Let’s look at the same example, ‘ping’, but instead using capabilities (which are now the standard in most Linux distributions)

We will use two commands, getcap (retrieve capabilities) and setcap (set capabilities)

$ getcap /bin/ping
/bin/ping = cap_net_admin,cap_net_raw+ep

So two grants are made, CAP_NET_ADMIN

              Perform various network-related operations:
              * interface configuration;
              * administration of IP firewall, masquerading, and accounting;
              * modify routing tables;
              * bind to any address for transparent proxying;
              * set type-of-service (TOS)
              * clear driver statistics;
              * set promiscuous mode;
              * enabling multicasting;
              * use setsockopt(2) to set the following socket options:
                SO_DEBUG, SO_MARK, SO_PRIORITY (for a priority outside the
                range 0 to 6), SO_RCVBUFFORCE, and SO_SNDBUFFORCE.


              * use RAW and PACKET sockets;
              * bind to any address for transparent proxying.

Note: +EP means that the capability is permitted and effective.

So now lets try to remove a capability from ping, and see the result.

First to save messing with my own generic ping, lets make a copy (copying will copy the binary, but not the capabilities)

$ sudo cp /bin/ping /tmp/newping

And let’s try it out

$ /tmp/newping localhost
ping: icmp open socket: Operation not permitted

So essentially, it fails as it does not have the needed capability assigned to allow a raw socket needed to send the ICMP packets.

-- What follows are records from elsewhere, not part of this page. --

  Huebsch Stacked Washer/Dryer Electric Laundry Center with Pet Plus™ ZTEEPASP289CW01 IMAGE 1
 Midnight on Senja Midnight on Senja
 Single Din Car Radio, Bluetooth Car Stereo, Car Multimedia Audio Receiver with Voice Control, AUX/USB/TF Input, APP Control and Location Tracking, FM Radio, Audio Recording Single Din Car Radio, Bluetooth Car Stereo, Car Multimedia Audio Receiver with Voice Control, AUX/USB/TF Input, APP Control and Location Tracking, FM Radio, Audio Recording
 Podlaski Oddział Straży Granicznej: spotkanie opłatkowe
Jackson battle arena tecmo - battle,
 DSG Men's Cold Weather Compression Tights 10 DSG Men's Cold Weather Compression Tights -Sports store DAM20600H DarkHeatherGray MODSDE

So using ‘setcap’, lets grant it cap_net_raw+ep

$ sudo setcap cap_net_raw+ep /tmp/newping
$ /tmp/newping localhost
PING localhost.localdomain ( 56(84) bytes of data.
64 bytes from localhost.localdomain ( icmp_seq=1 ttl=64 time=0.043 ms
64 bytes from localhost.localdomain ( icmp_seq=2 ttl=64 time=0.039 ms

For a full list of capabilities, refer to the man page or in the capabilities header file.

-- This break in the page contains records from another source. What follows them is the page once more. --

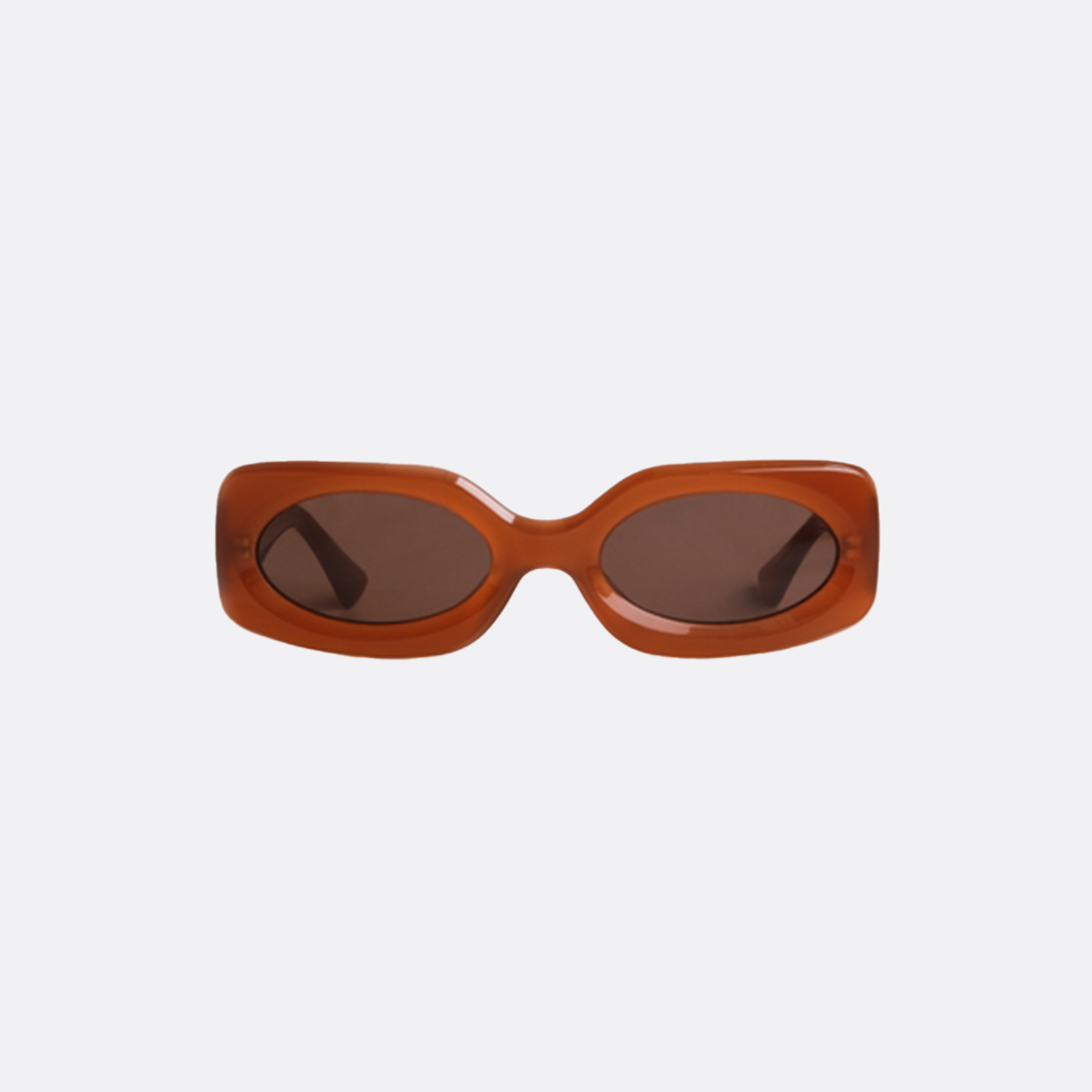 <PRODUCTTITLE> in Red by Corlin Eyewear.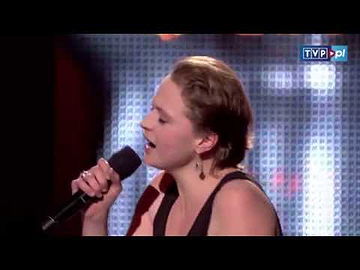 Natalia Sikora - Cry Baby - The Voice Poland 2013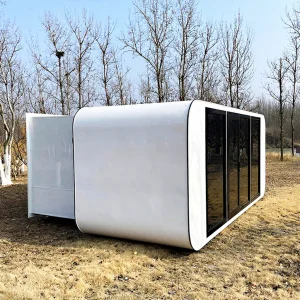 Apple Steel Structure Cabin Slide Out Design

A quick note, SELinux and Capabilities are not mutually exclusive. Both systems should be utilized, to provide a defense in depth type approach. As it stands SELinux will provide more granular level of control, but capabilities still very much have their place in kernel security.


As of recent docker has started to utilize Capabilities to increase security and isolation. A docker container can now be assigned a capability using ‘docker run -d –cap-add CAP_NAME’). See Dan Walsh’s post for more details.